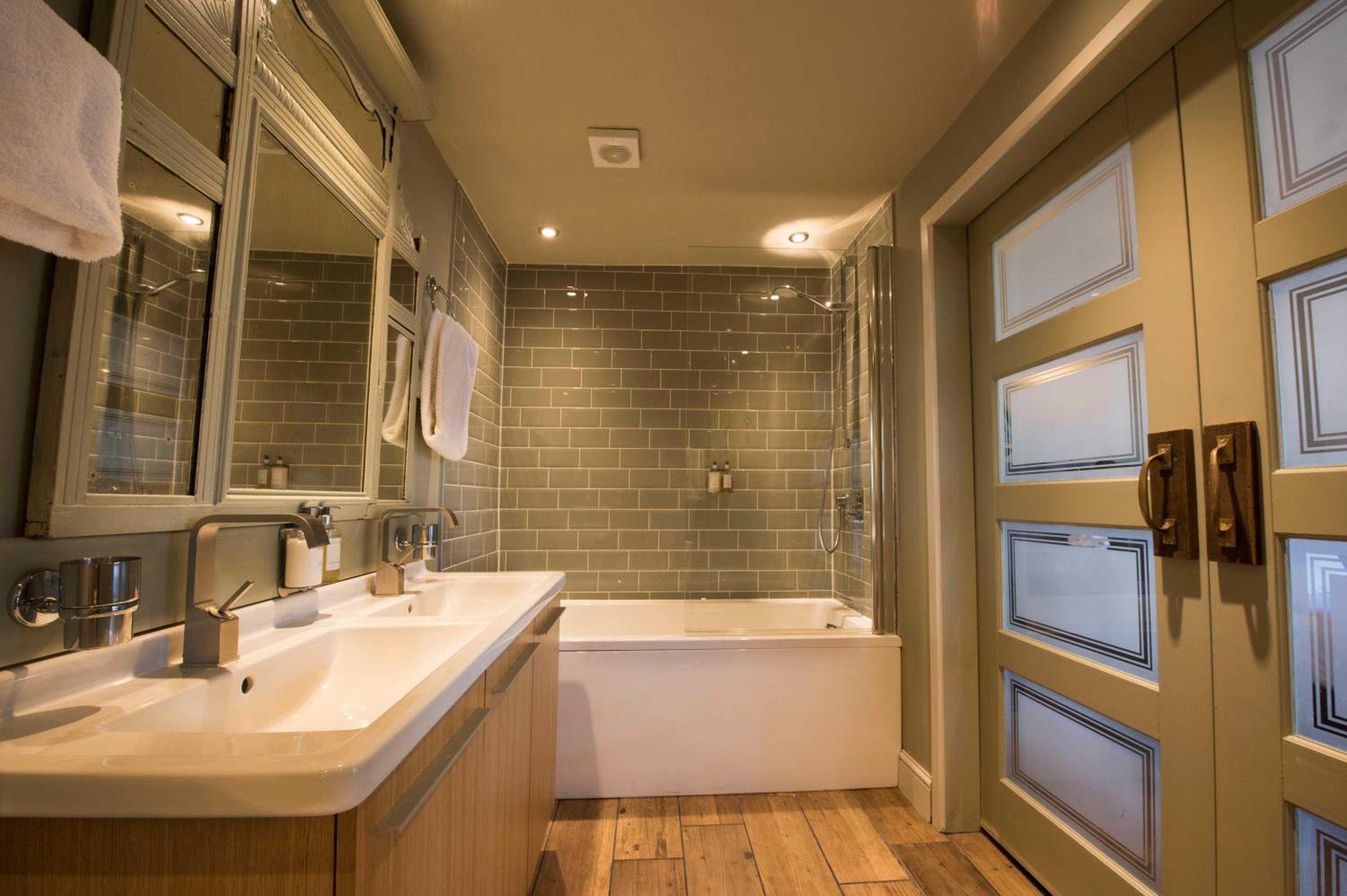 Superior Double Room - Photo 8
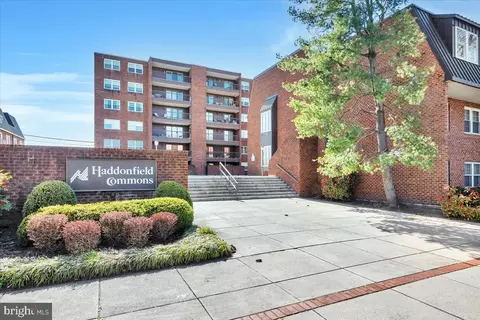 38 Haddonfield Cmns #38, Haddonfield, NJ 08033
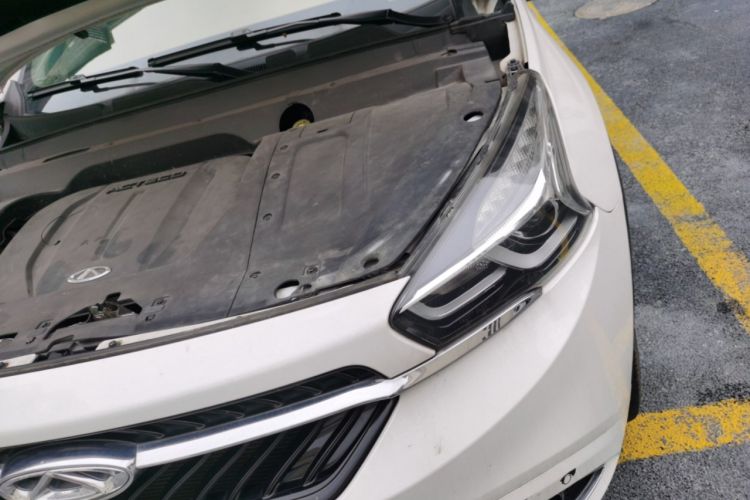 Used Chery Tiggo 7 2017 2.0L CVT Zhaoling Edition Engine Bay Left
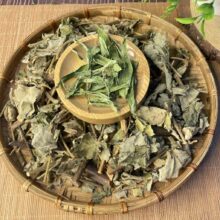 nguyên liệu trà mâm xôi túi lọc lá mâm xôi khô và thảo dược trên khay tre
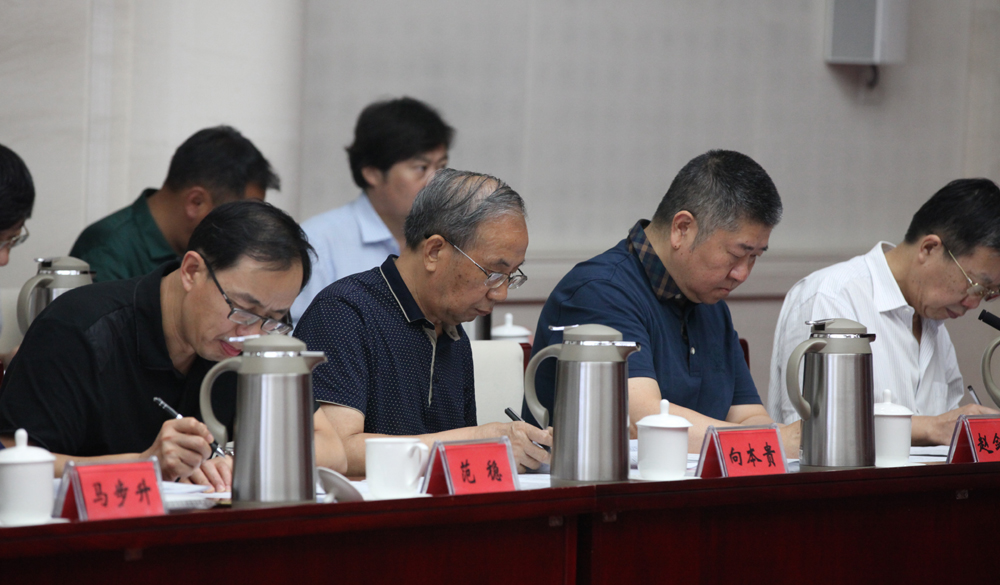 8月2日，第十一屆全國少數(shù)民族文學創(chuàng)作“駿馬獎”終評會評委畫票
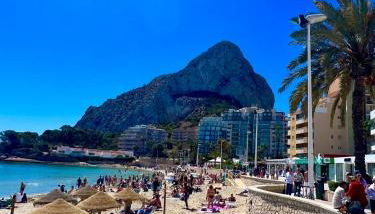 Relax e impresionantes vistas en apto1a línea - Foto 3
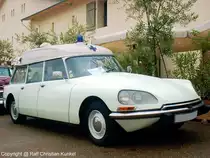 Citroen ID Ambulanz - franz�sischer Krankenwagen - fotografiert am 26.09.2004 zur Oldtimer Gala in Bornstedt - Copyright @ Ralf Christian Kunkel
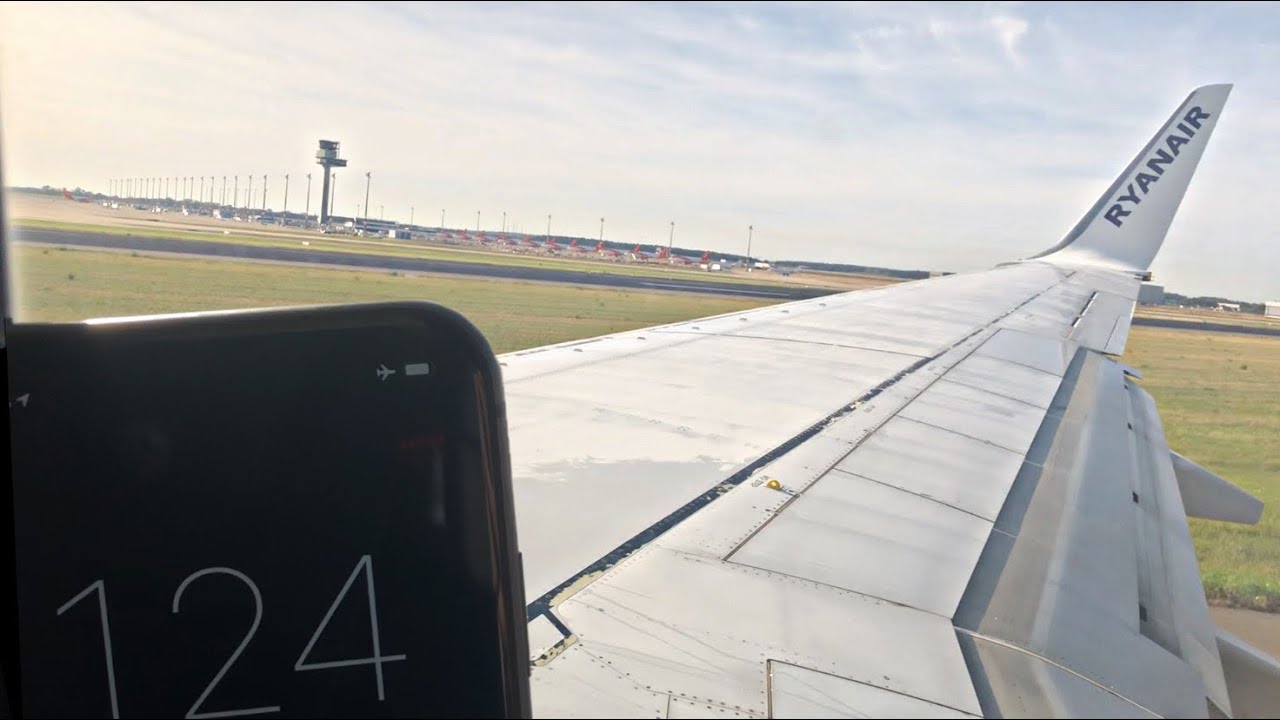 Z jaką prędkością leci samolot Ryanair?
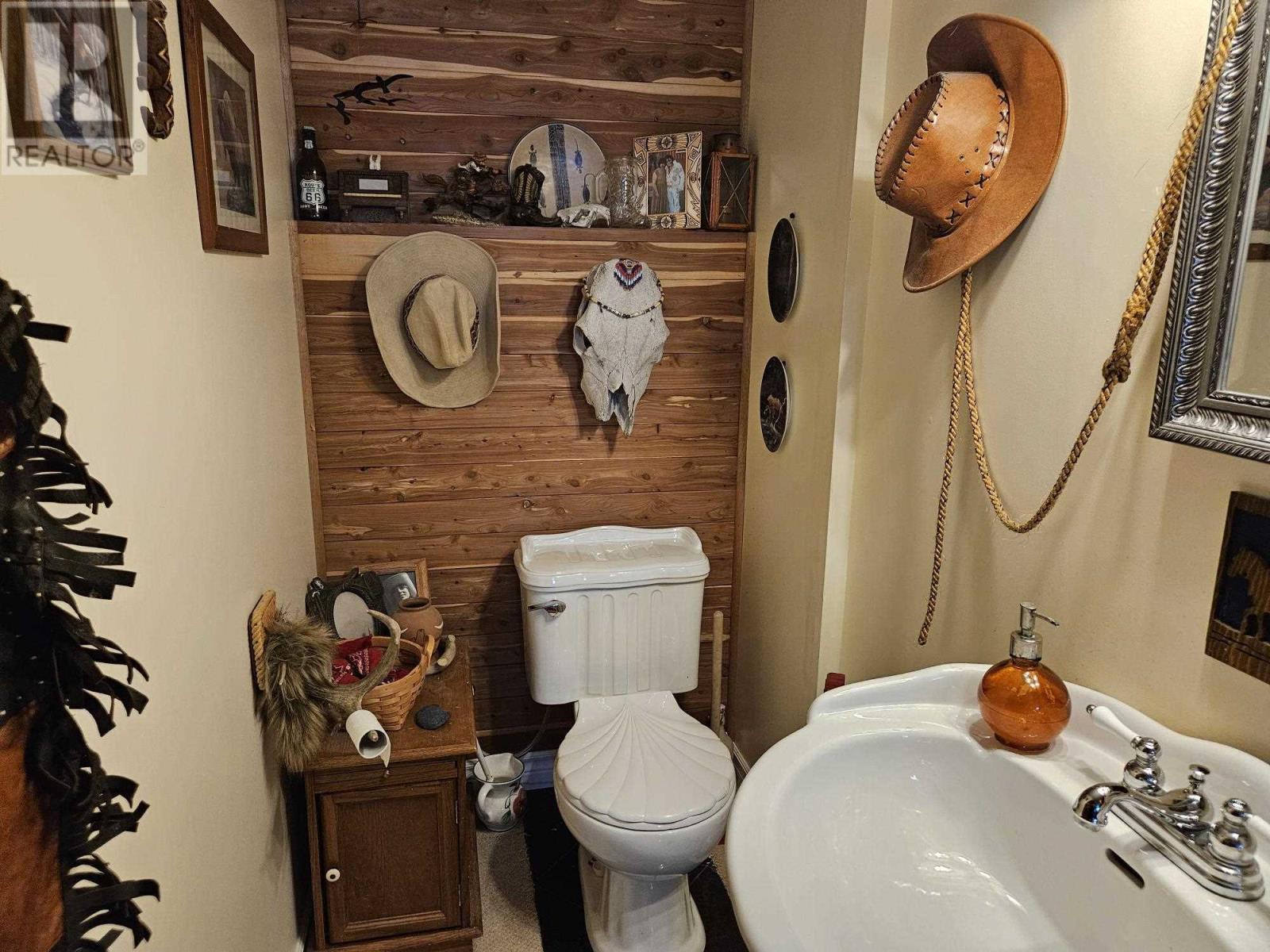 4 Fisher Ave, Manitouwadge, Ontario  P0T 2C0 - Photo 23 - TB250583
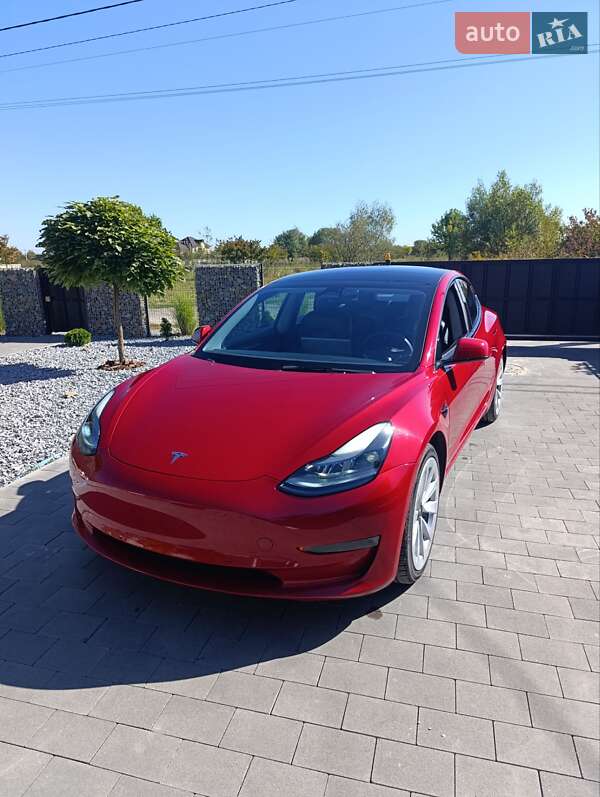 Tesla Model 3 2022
- - - - - - -
Please output, exactly and with no pictures, only the lines from the one containing "Relax e impresionantes" through the final line of the records above.

ANSWER BOX =>
 Relax e impresionantes vistas en apto1a línea - Foto 3
 Citroen ID Ambulanz - franz�sischer Krankenwagen - fotografiert am 26.09.2004 zur Oldtimer Gala in Bornstedt - Copyright @ Ralf Christian Kunkel
 Z jaką prędkością leci samolot Ryanair?
 4 Fisher Ave, Manitouwadge, Ontario  P0T 2C0 - Photo 23 - TB250583
 Tesla Model 3 2022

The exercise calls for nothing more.